Figure 16: The keg turned into a bucket.

"Perhaps the warnings against liquor have become commonplace to you. Perhaps you feel that you do not need to be told the story of the great curse. But if the warning comes echoing back to you in the time of temptation you will bless the hearing of it, for it may mean everything to you and your loved ones and the generations to come.

"It is the Master who said, 'And whosoever shall give to drink unto one of these little ones a cup of cold water only in the name of a disciple, verily, I say unto you, he shall in no wise lose his reward.' But what may one lose when he puts the drunkard's glass to the lips of a young man?

"Hear the voice of Solomon: 'The drunkard and the glutton shall come to poverty, and drowsiness shall clothe a man with rags.' 'Wine is a mocker, strong drink is raging, and whosoever is deceived thereby is not wise.'

"If Jesus held up to us a cup of cold water as the emblem of purity, let us never bring dishonor upon one of earth's greatest blessings.

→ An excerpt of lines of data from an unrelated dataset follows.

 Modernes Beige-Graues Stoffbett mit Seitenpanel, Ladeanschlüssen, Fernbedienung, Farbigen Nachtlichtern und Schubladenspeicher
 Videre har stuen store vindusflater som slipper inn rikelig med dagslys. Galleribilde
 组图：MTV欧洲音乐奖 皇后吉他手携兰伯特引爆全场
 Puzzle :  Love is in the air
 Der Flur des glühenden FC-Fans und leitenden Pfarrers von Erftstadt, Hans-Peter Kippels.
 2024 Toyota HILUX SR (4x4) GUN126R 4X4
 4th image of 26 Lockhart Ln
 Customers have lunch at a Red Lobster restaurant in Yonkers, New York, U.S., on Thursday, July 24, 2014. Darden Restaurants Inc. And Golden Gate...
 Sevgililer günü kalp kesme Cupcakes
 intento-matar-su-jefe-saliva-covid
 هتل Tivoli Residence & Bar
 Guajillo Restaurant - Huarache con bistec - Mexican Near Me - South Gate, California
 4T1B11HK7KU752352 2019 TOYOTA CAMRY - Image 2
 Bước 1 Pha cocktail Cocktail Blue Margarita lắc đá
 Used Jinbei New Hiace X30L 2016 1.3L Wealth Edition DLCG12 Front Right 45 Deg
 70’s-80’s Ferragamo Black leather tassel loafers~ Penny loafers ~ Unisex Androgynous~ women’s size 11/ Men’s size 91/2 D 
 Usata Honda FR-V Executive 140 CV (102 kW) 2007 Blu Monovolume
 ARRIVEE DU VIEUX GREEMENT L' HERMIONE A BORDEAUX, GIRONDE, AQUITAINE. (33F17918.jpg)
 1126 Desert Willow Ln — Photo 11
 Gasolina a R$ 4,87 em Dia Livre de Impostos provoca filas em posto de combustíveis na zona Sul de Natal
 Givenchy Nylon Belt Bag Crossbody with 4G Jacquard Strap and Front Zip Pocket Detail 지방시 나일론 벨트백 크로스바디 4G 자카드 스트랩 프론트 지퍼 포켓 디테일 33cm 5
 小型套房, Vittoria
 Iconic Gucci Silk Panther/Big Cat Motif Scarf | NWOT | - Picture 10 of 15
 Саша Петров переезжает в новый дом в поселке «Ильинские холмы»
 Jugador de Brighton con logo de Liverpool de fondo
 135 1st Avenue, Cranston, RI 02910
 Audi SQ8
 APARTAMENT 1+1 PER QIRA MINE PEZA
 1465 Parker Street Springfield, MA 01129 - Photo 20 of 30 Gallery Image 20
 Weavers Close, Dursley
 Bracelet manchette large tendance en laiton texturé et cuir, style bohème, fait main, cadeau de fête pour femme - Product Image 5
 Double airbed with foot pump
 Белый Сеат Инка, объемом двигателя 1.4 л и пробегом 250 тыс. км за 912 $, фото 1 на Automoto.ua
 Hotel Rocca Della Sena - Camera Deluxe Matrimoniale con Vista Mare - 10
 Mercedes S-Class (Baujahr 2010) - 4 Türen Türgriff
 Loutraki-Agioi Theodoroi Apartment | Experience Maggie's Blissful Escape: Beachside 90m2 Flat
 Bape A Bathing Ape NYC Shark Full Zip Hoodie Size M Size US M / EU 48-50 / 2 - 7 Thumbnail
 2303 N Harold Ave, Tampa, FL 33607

"'Traverse the desert, and then ye can tell
What treasures exist in the cold, deep well;
Sink in despair on the red, parched earth,
And then ye may reckon what water is worth.'"


—New Year's Day

The Psalmist Truly Says that "A Merry Heart Maketh a Cheerful Countenance."

THE LESSON—That the wearing of a gloomy countenance is unpardonable and that "the smile that won't come off" is the kind that ought to come on.

Laughter is catching. The following chalk talk will capture an audience and bring genuine smiles as nothing else, perhaps, in this book. It has been prepared for that purpose. While it is arranged here as especially appropriate for the beginning of the new year, it may be used with varying applications on many other occasions.

The Talk.

"There is a good deal of consolation in the words of Cowper, who truly declares that

"'The path of sorrow, and that path alone,
Leads to the land where sorrow is unknown.'

"Nevertheless, most of us ask for as little real sorrow as possible while we are treading the pathway that leads to eternal peace.

[It is advisable to begin the drawing of Fig. 17 at this point, and continue the talk as the picture develops. It is suggested that the eyes be drawn first, then the mouth and nose, and, finally, the outer portions. It adds to the effect, too, to stop drawing at this point, allowing the people to study carefully the dull, gloomy expression of the face. Then, as if to put on the finishing touches, draw the lines of the forehead. These, of course, are the lines of the nose and mouth of the reversed face, but the audience will not suspect the 'trick' until it is revealed.]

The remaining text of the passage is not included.